WHAT THE TASK ASKS: Ignore the pictures in the data below and set down exactly the lines from its first line through the line containing "Galaxy S26 系列-隱形鏡頭貼".

═════ INPUT FOR THIS TASK ═════

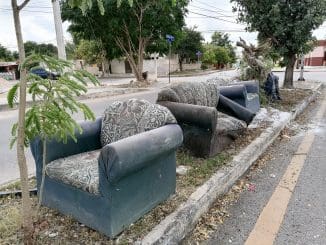 7a5aff7e c546 432b bb05 3917aeb44c75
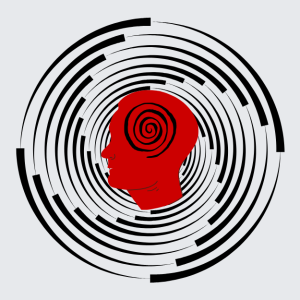 psychological thriller book group graphic 1 319 md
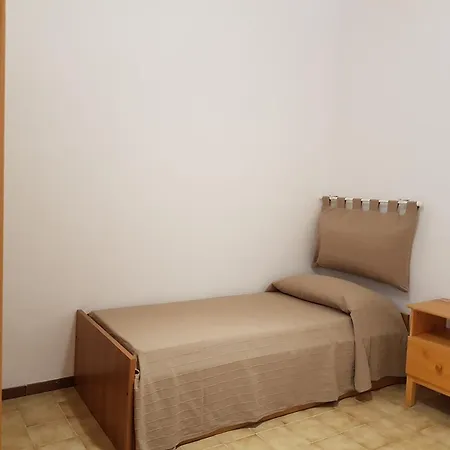 Appartamento Holiday House Clelia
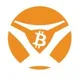 BitcoinLegend Jordan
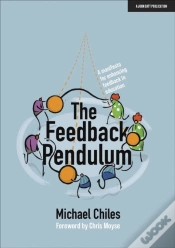 Capa do artigo The Feedback Pendulum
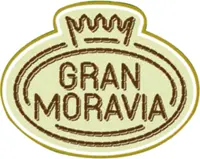 Gran moravia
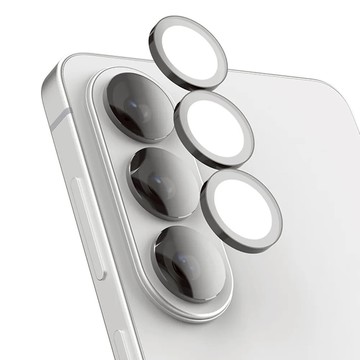 PLES  Galaxy S26 系列-隱形鏡頭貼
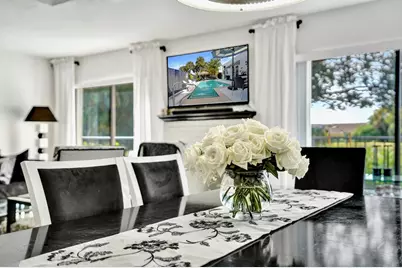 5306 Stonybrook Drive, Boynton Beach, FL 33437 - Photo 30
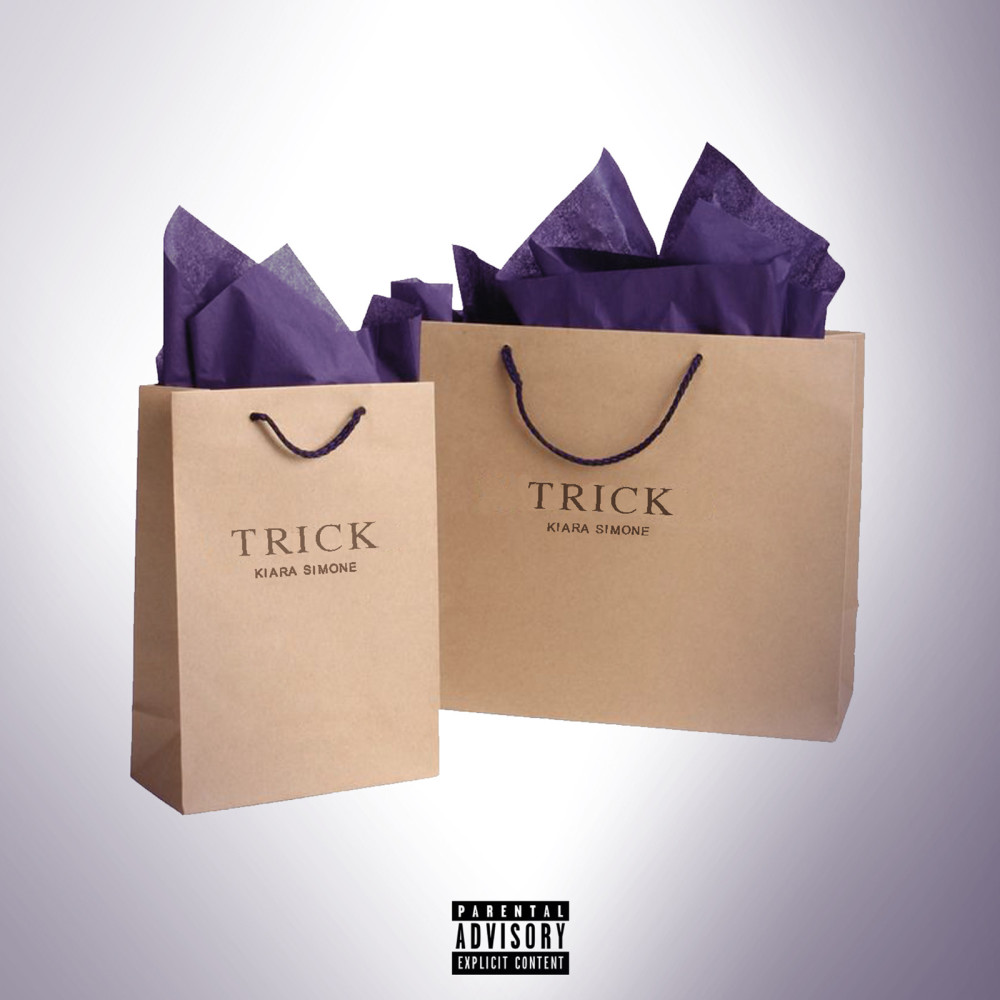 Trick (Explicit)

═════

WORKED SOLUTION:
 7a5aff7e c546 432b bb05 3917aeb44c75
 psychological thriller book group graphic 1 319 md
 Appartamento Holiday House Clelia
 BitcoinLegend Jordan
 Capa do artigo The Feedback Pendulum
 Gran moravia
 PLES  Galaxy S26 系列-隱形鏡頭貼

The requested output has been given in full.